● **SUPPLIED INFORMATION**:

-----

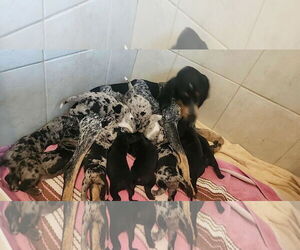 Bluetick Coonhound Dogs for adoption in New Orleans, LA, USA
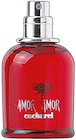 Amor Amor im Rossmann Prospekt Amor Amor von cacharel im aktuellen Rossmann Prospekt für 21,99 €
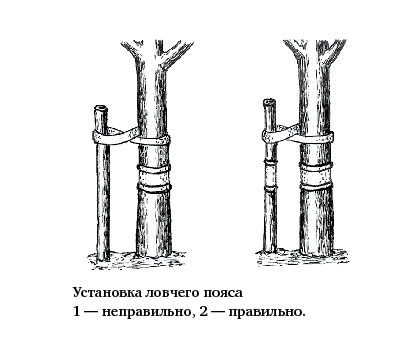 kak-rusų kalba-lovshiy-pojas-dlja-plodovyh-derevjev-svoimi-rukami-vaizdo kak-rusų kalba-lovshiy-pojas-dlja-plodovyh-derevjev-svoimi-rukami-vaizdo
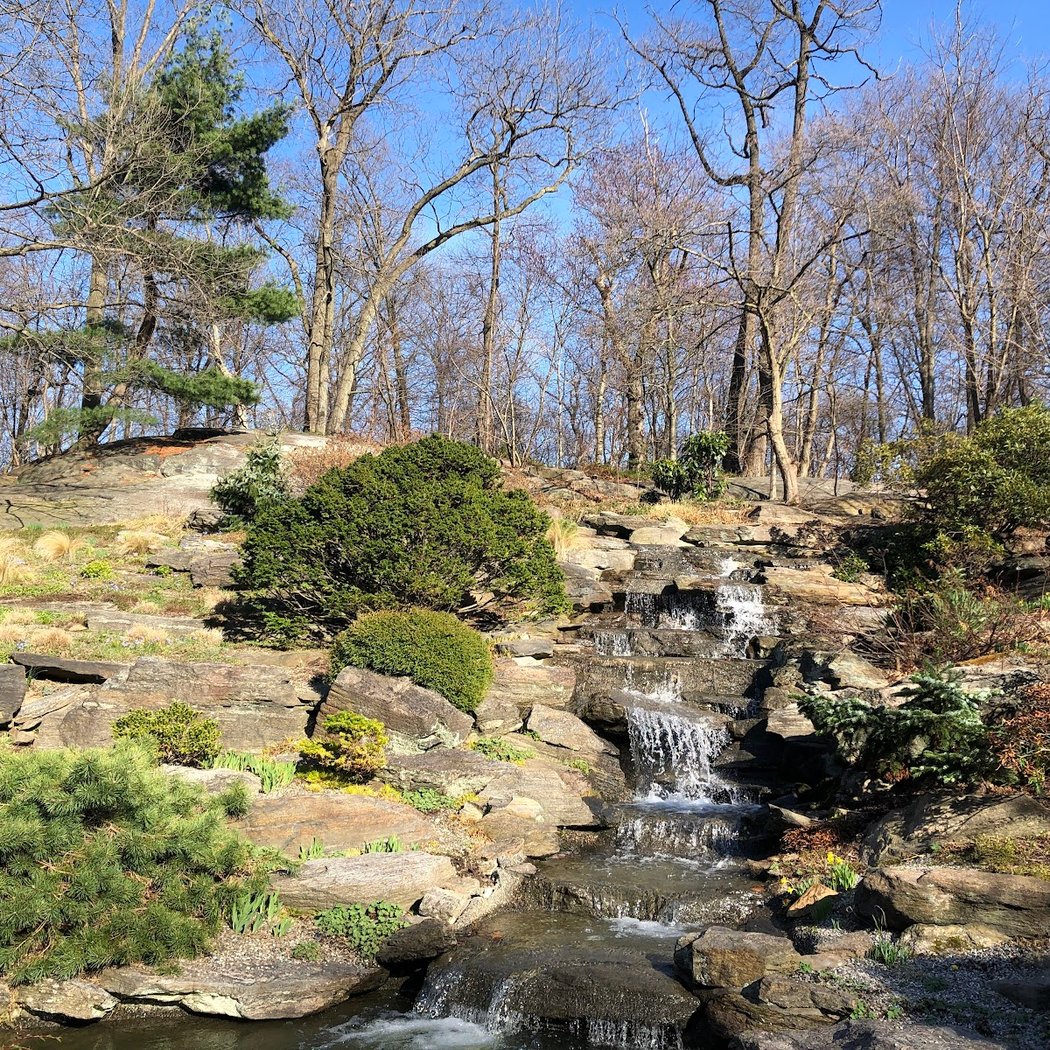 Rock Garden, NYBG 3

-----

● **EXERCISE INSTRUCTIONS**:
Skip every picture and retype only the lines from the line with "Amor Amor im" through the last line of the listing, both ends included, exactly as they appear.

● **EXERCISE OUTPUT**:
 Amor Amor im Rossmann Prospekt Amor Amor von cacharel im aktuellen Rossmann Prospekt für 21,99 €
 kak-rusų kalba-lovshiy-pojas-dlja-plodovyh-derevjev-svoimi-rukami-vaizdo kak-rusų kalba-lovshiy-pojas-dlja-plodovyh-derevjev-svoimi-rukami-vaizdo
 Rock Garden, NYBG 3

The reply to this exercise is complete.